Several approaches involving electrolyte engineering were proposed to address these challenges.15–20 For example, the replacement of relatively dilute, salt-in-water electrolytes with highly concentrated ones (water-in-salt electrolytes, WIS) was shown effective in suppressing both HER and dendrite formation.21–23 In WIS electrolytes, the fraction of salts is higher than water by weight and/or volume.24 As a result, at such high salt concentrations, there are not enough water molecules to fully solvate ions of the electrolyte, leading to disruption of hydrogen bonding and increased ion–ion interactions (ion pair and ion aggregate formation). This leads to increased participation of anions in Zn-ion solvation22,25 that together with disrupted hydrogen bonding is assumed to suppress HER, yielding improved coulombic efficiencies and cycle life.26,27 For example, the use of 1 m ZnTFSI2 + 20 m LiTFSI WIS or 30 m K acetate (KOAc) + 3 m Li acetate (LiOAc) + 3 m Zn acetate (ZnOAc2) electrolytes leads to an increase in Zn plating-stripping CE up to 99.9%22 and 99.6%,28 respectively, compared to single salt dilute electrolytes.

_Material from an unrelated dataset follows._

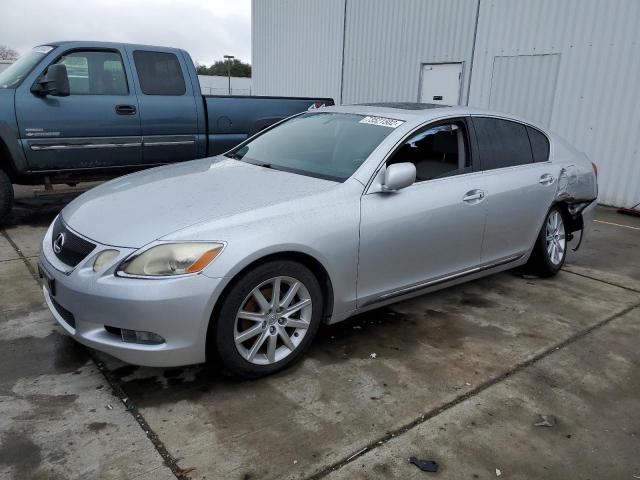 LEXUS GS 300 2006 with VIN JTHBH96S965021521 - Photo from auction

In this work, we examine whether the WIS regime for electrolytes is always the most advantageous for cycling Zn anodes or if equivalent or even more promising performance can be achieved with non-WIS electrolytes. Prior research indicates that Zn plating and stripping efficiency is strongly affected by the Zn-ion coordination environment that is influenced by electrolyte speciation.14,29 However, the primary parameter considered in much of the literature relates to electrolyte concentration, where at WIS conditions anions are forced into coordination sphere of Zn. Meanwhile, it is known that anion-rich, water-deficient coordination can be achieved for cations even in salt-in-water solutions if anion coordination ability is higher than that of water.30–32 Herein, we investigate how electrolyte concentration affects the local coordination of Zn ions in mixed-cation acetate solutions and how modified electrolyte speciation affects the physicochemical characteristics of electrolytes and the Zn plating/stripping efficiency. Acetate salts were chosen due to the acetate anion's strong coordination ability towards transition metal ions (relative to water), their low cost, and environmental friendliness.33–35 We show that the use of WIS systems per se does not necessarily increase the efficiency of Zn batteries and that the role of the anion and supporting cation should be considered in electrolyte engineering for Zn batteries. For the examined solution series (Zn0.2K0.8OAc1.2nH2O), we demonstrate that a WIS-like coordination environment is already observed around Zn for a water-to-cation ratio of n = 10, allowing us to achieve both high CE (99.8%), rate performance compared to both more dilute or concentrated (WIS) regimes. Importantly, we provide comprehensive electrolyte characterization linking its structure and physicochemical properties to electrochemical performance. In addition to extensive validation of the modeling results, we uncover and discuss quantitative differences with the previous reports for WIS bisalt Zn aqueous acetate-based electrolytes.36

Results and discussion

Zn-ion solvation, electrolyte structure, and physicochemical properties

Achieving the WIS regime for Zn2+-based electrolytes is challenging due to insufficient solubility of most Zn salts and often requires the use of a supporting salt. In this work, we study environmentally friendly zinc and potassium acetate electrolytes, where potassium acetate is a supporting salt that enables WIS conditions.33 First, we evaluated the solubility of Zn and K acetate (OAc) mixtures ZnxK1−xOAc1+xnH2O, where “x” is a molar fraction of Zn salt and “n” is the number of water molecules per cation (Zn2+ and K+). The measured liquidus line (Fig. 1(a)) shows that the maximum solubility is achieved when the Zn fraction is 0.1–0.3, which corresponds to a WIS electrolyte (1.5 water molecules per cation). Because we observe a dramatic increase in viscosity for x = 0.3 that negatively affects ion transport (Fig. S1a, ESI), we select the composition series with x = 0.2 (Zn0.2K0.8OAc1.2nH2O, with n varying from 1.5 (WIS) to 50 (relatively dilute)).
image file: d3ee00205e-f1.tif
Fig. 1 Physicochemical properties of Zn–K acetate solutions at room temperature. (a) Measured liquidus line of the ZnxK(1−x)OAc(1+x) salt–water mixtures. (b) Conductivity and viscosity as a function of water-to-cation ratio n (c) Differential scanning calorimetry data or various water-to-cation ratio n. (d)–(f) Molecular dynamics simulation boxes (for visualization) for the electrolytes Zn0.2K0.8OAc1.2nH2O with n = 50 (d), 10 (e), and 2 (f). Color scheme: Zn – green, K – purple, O – red, H – white, and C – gray.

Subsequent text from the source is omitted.